■ **YOUR GOAL**:
Skip the pictures. Output only the lines below starting at the line with "Obraz premium Colorful" and ending at the line with "NessiWorld Natural Bebek", both ends included, exactly as they are.

(Beginning of DATA FOR PROCESSING)

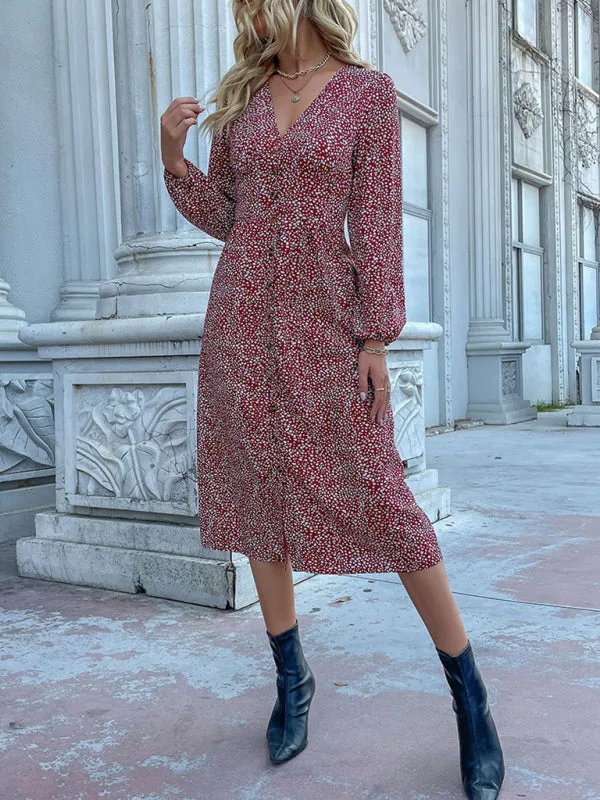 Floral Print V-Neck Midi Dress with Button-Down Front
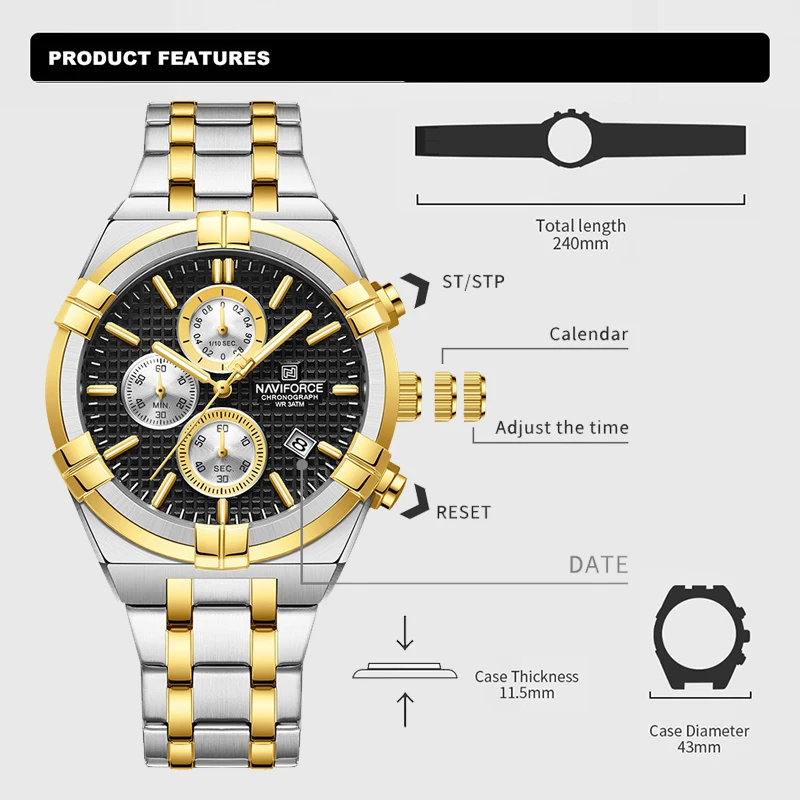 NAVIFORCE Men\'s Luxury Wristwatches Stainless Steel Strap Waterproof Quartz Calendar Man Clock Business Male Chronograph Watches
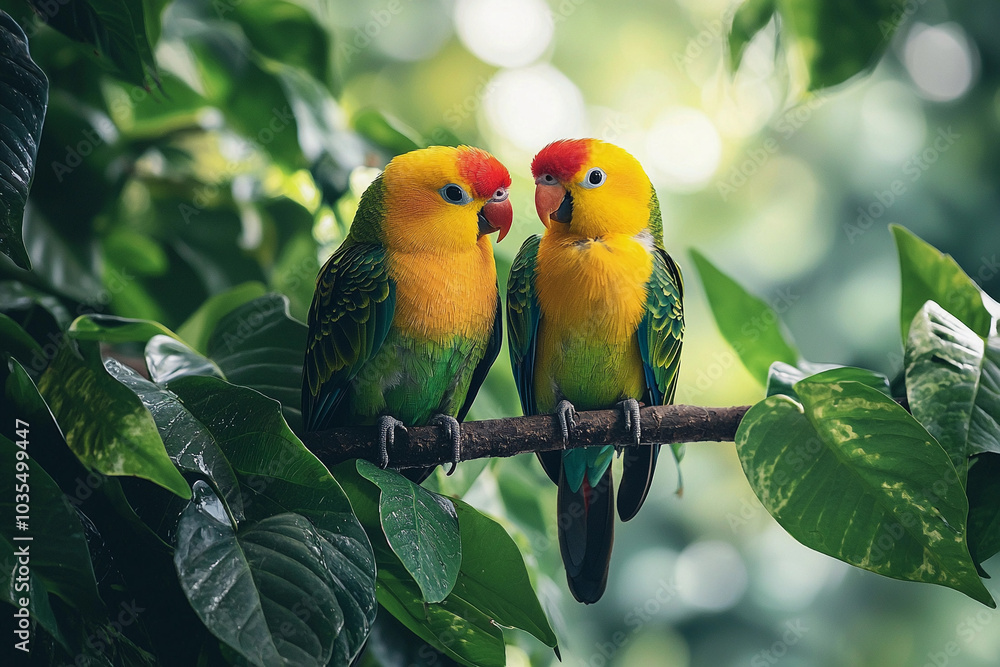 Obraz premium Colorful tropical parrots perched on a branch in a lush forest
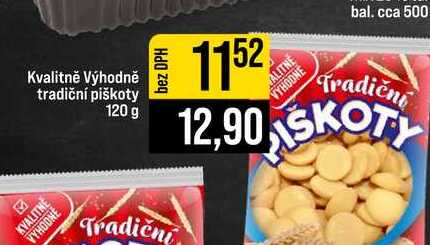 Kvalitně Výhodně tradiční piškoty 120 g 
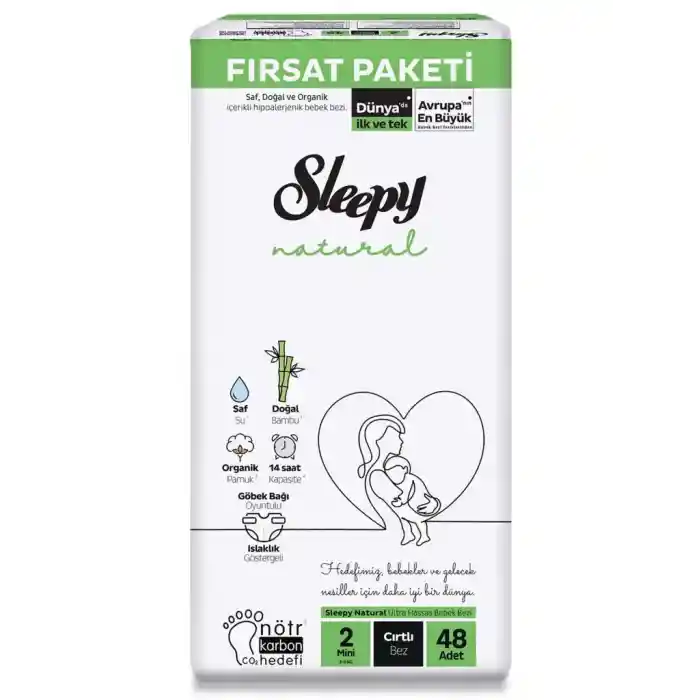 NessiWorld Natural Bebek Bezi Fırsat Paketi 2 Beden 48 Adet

(End of DATA FOR PROCESSING)
(Beginning of DATA FOR PROCESSING)

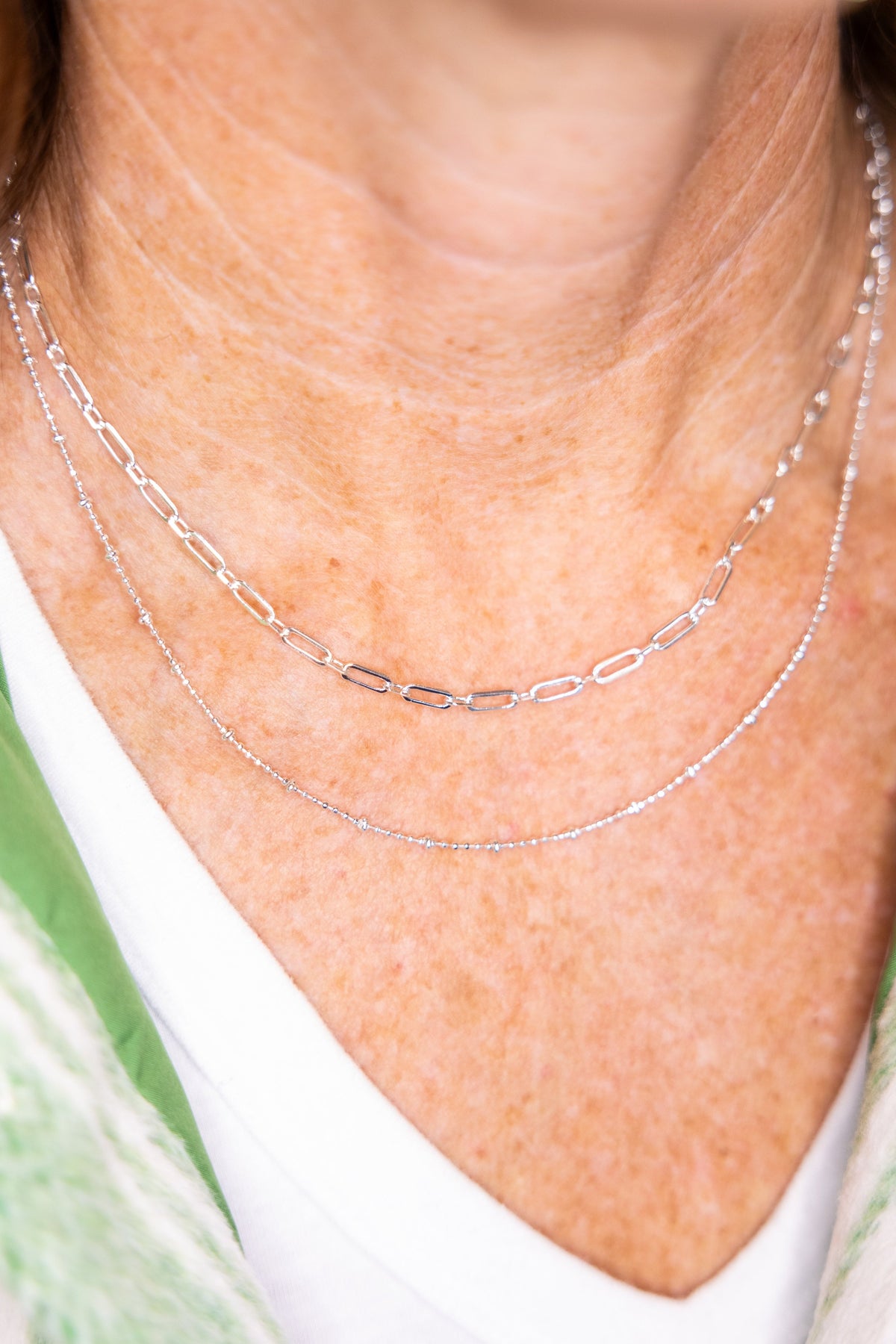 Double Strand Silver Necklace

(End of DATA FOR PROCESSING)

■ **RESPONSE BOX**:
 Obraz premium Colorful tropical parrots perched on a branch in a lush forest
 Kvalitně Výhodně tradiční piškoty 120 g 
 NessiWorld Natural Bebek Bezi Fırsat Paketi 2 Beden 48 Adet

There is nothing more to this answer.